Syrah is a noble grape, grown for thousands of years. It powers many of the reds made in the Rhone region of France, and winemakers around the world praise it. Yet the poor grape seems to get no respect these days.
"Shame about syrah, really," I was thinking the other day while washing down a cheeseburger with a glass of 2003 Ojai Thompson Vineyard Syrah from California's Santa Barbara County. The wine was big, meaty even. Yet, it was balanced, in proportion, perfect with my dinner.
Syrah is a noble grape, grown for thousands of years. Winemakers the world over incorporate it into their Rhone-style blends. Yet the poor grape seems to get no respect these days.
It's often overshadowed by cabernet sauvignon or pinot noir. Boatloads of cheap, colorfully labeled syrah from Down Under (dubbed "shiraz" there) have turned off many North American drinkers to all syrah. Sales stats tell the story: Both dollar sales and the number of bottles of syrah sold fell about 7 to 8 percent over a yearlong period ending May 1, according to The Nielsen Co.
Yet, the Ojai syrah was so, so good with that cheeseburger.
Sharing my syrah pain is Evan Goldstein, author of "Daring Pairings."
"I want to be more bullish on syrah,'' Goldstein wrote in an e-mail from his base in San Carlos, Calif. "It goes so well with food and has so many styles to go with so many foods (cool to warm climate, peppery to jammy, pure versus blended). It provides incredible range for consumers to find wines that are different and provide amazing pleasure."
Goldstein, president of a wine and spirits education company called Full Circle Wine Solutions, spoke last January at the New Zealand Syrah Symposium about the challenges syrah has to overcome to be more widely accepted in the United States.
In our e-mail chat, Goldstein pointed first at the Australians. Low-end Aussie wines have "made it challenging for premium producers in Oz (Australia) and elsewhere to get any traction as they have seemingly conditioned wine consuming people that they don't need to spend a lot on this grape."
Goldstein also thinks most California syrah producers have yet to demonstrate "any sense of a true regional terroir," which means sense of place or style, as has happened in France and, "when given a chance," Australia. There are very good syrah options in Washington, Chile and Argentina, he added, but they aren't "on the radar for most people outside the lunatic fringe of syrah-crazed drinkers."
But Goldstein did end on a hopeful note. If syrah can meet its challenges, he thinks the wine may pop with the public.

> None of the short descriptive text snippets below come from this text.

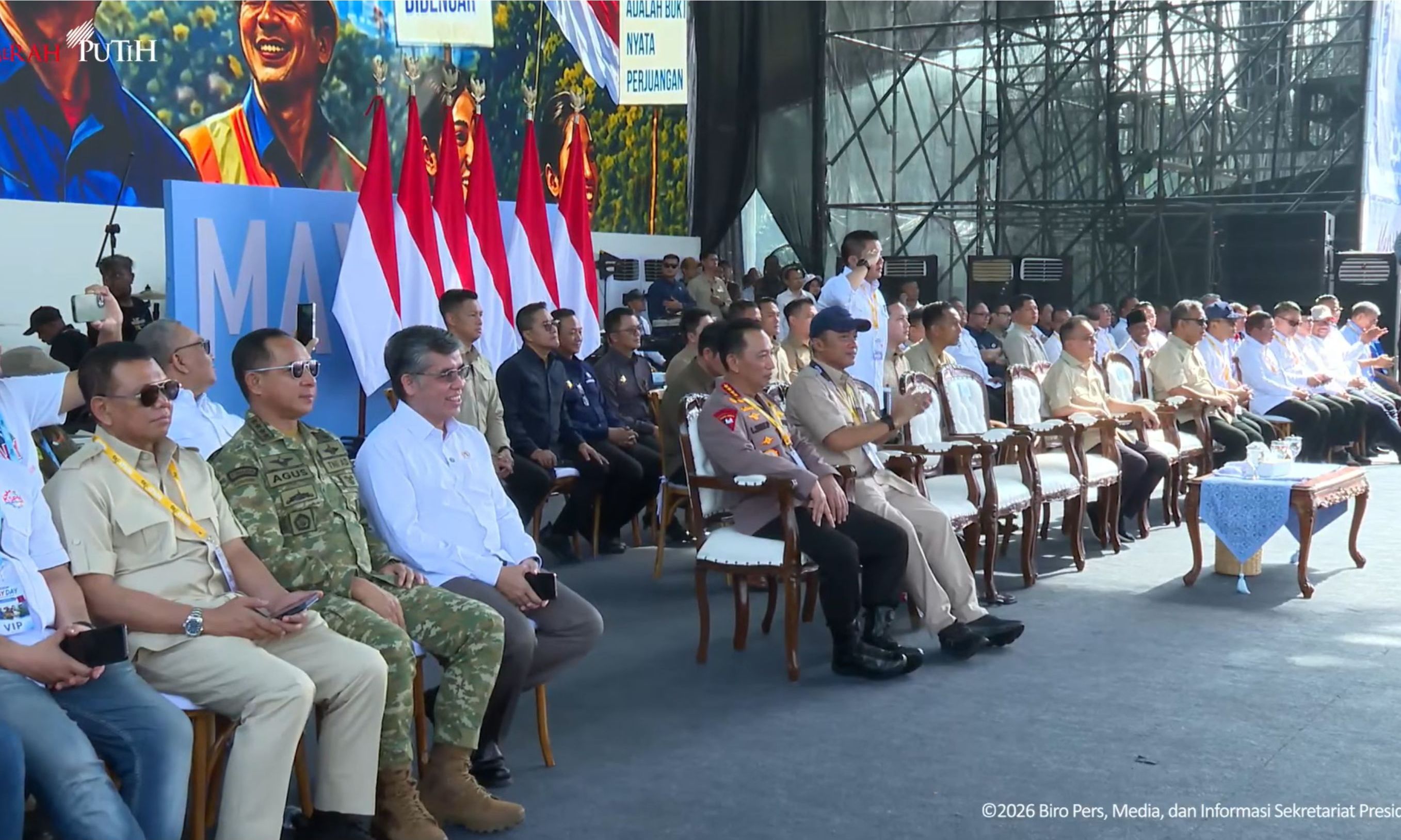 Prabowo Kesal Emak-emak Teriak saat Sebut Nama Teddy: Gue Presidennya <b>(Tangkapan Layar)</b>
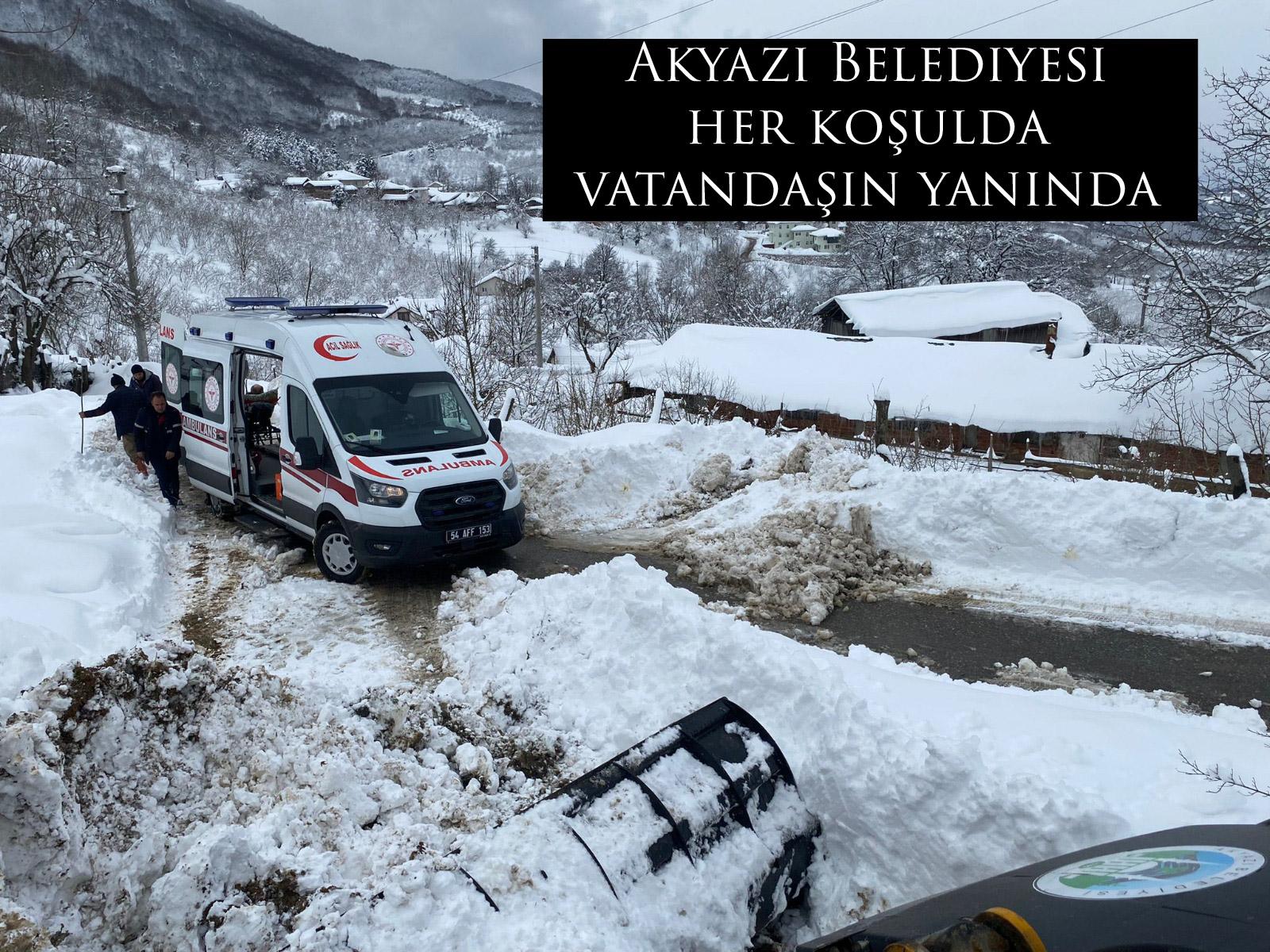 Akyazı Belediyesi her koşulda vatandaşın yanında 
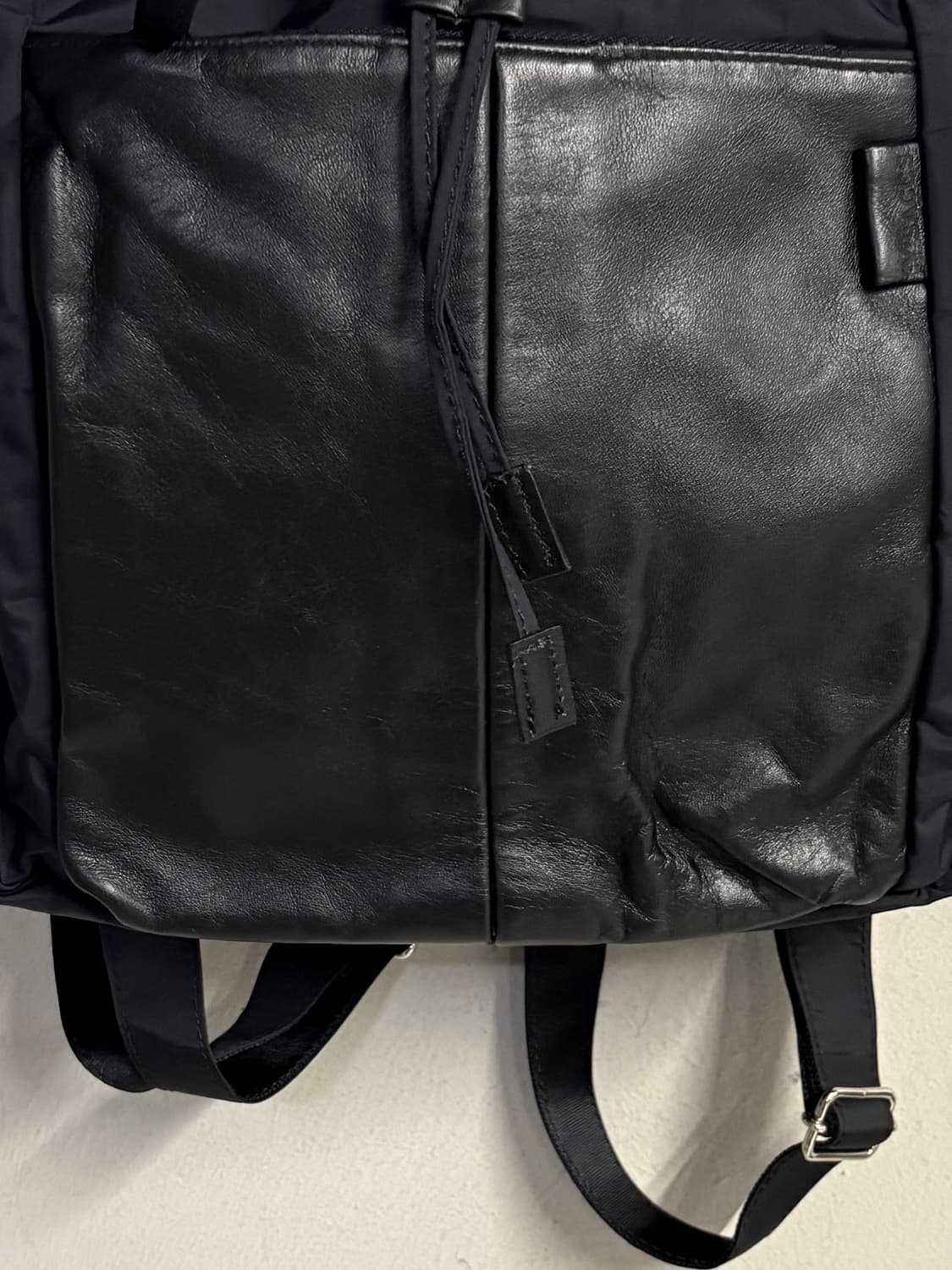 Y‘SACCS nylon & leather backpack  상품이미지4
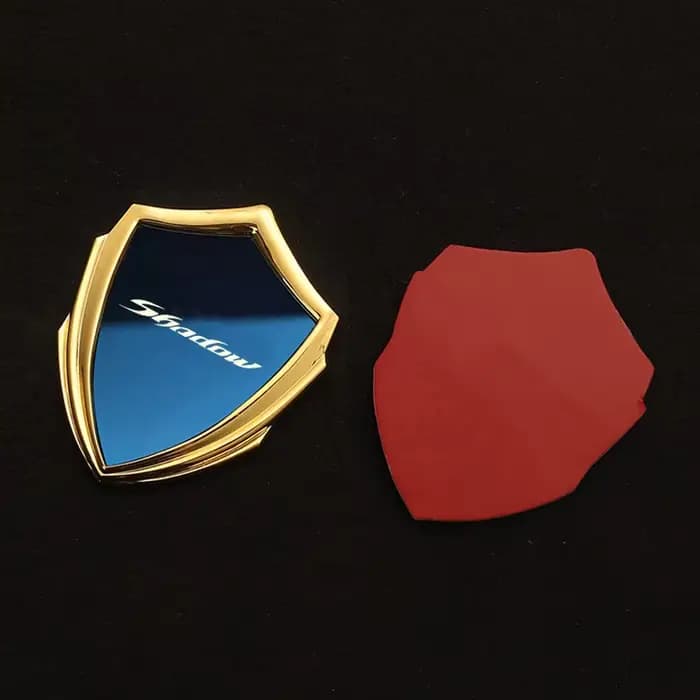 Accessoires de moto accessoires métalliques 3D autocollants de moto pour honda Shadow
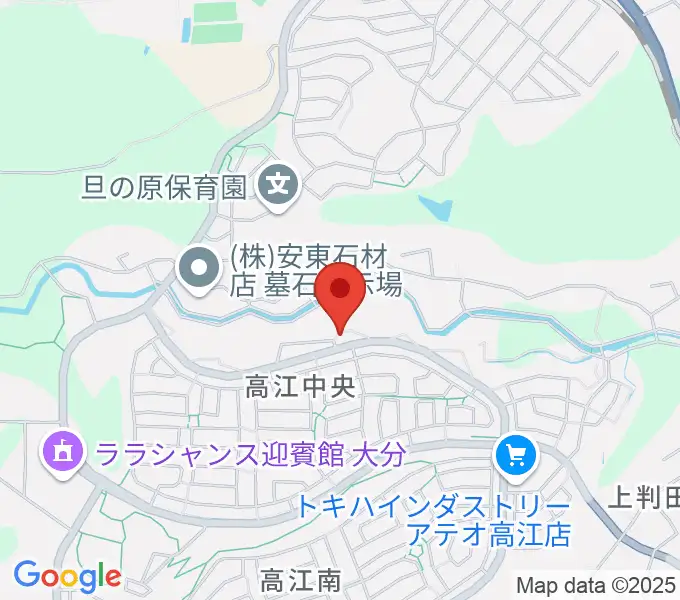 はやしだピアノアトリエの地図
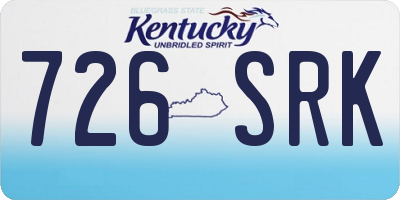 KY license plate 726SRK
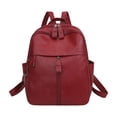thumbnail image 1 of 1pc 9.8x11.8inch Leather Backpack for Men Women Work, School Bookbag for College Students, 1 of 6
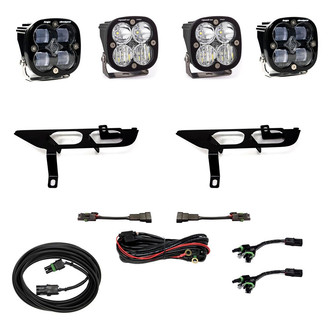 Baja Designs® - Fog Light Location Mounted Squadron SAE™ and Squadron Sport™ 3" 2x29W/2x30W Square Driving/Combo Beam LED Light Kit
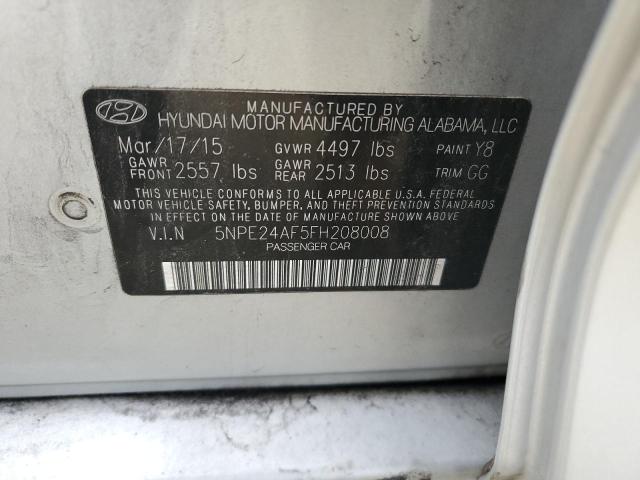 2015 Hyundai Sonata მანქანა იყიდება აუქციონზე, vin: 5NPE24AF5FH208008, აუქციონის ნომერი: 91820315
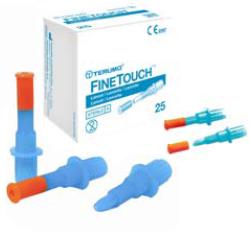 LANCETTE PUNGIDITO FINETOUCH 23 GAUGE 25 PEZZI - Farmacia Del Monaco
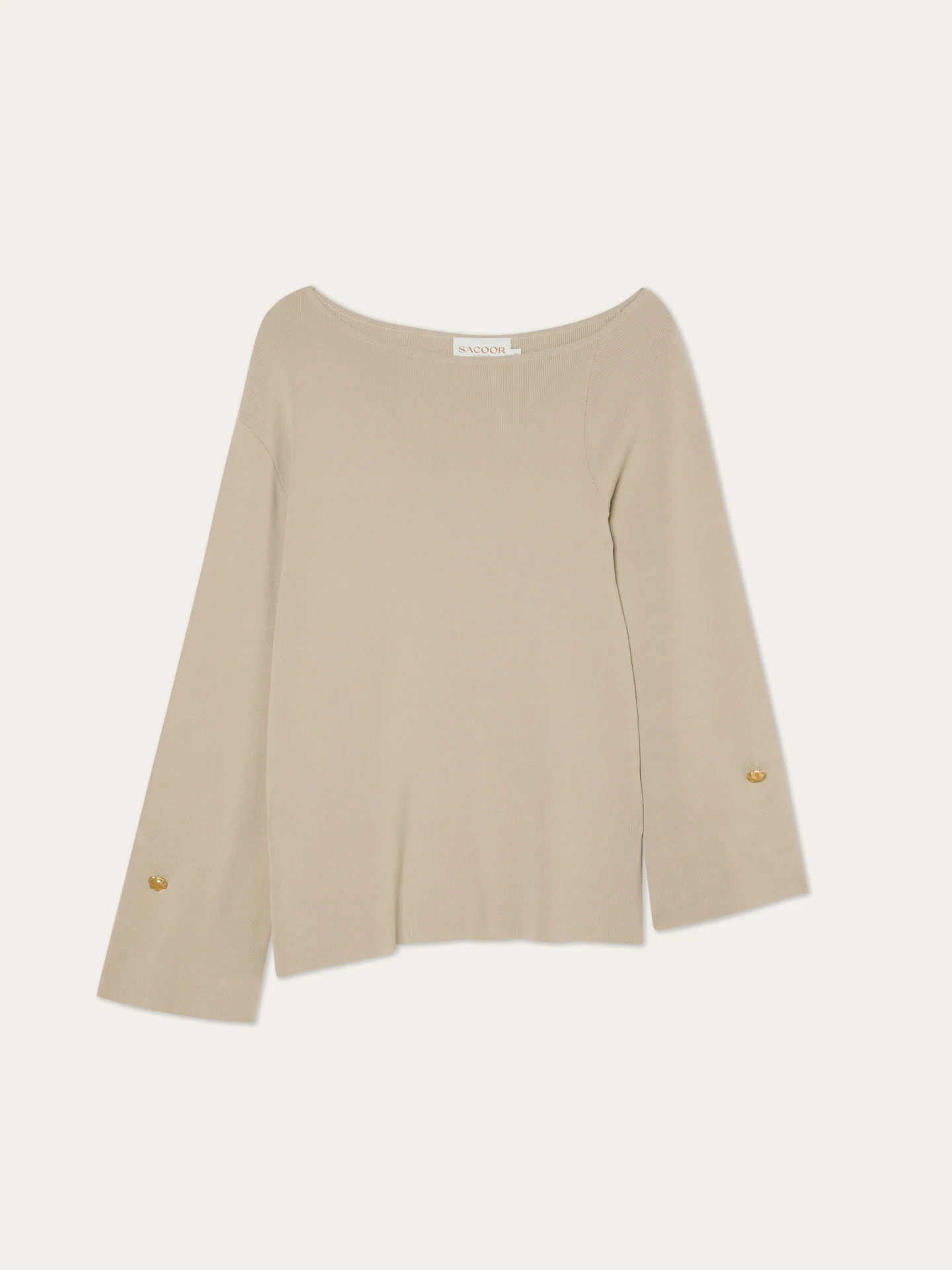 Off-shoulder Sweater In Viscose blend - Image 5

Do your part to make that happen. Pop open a bottle of syrah tonight — with or without a cheeseburger.
A bit of age matters
California syrahs from multiple vintages are available in most every price range and style. The tasting panel sampled 10 syrahs ranging in price from $11 to $65. In general, tasters preferred the older vintages, finding a little bit of age had given the wines more complexity and interest.
2005 Bridlewood Estate
A very handsome estate syrah from the Santa Ynez wine region. The nose is somewhat closed, subtle, with suggestions of tobacco, berries and spice. The flavor is mature, fully developed with notes of tobacco, cassis and coffee. Nice finish.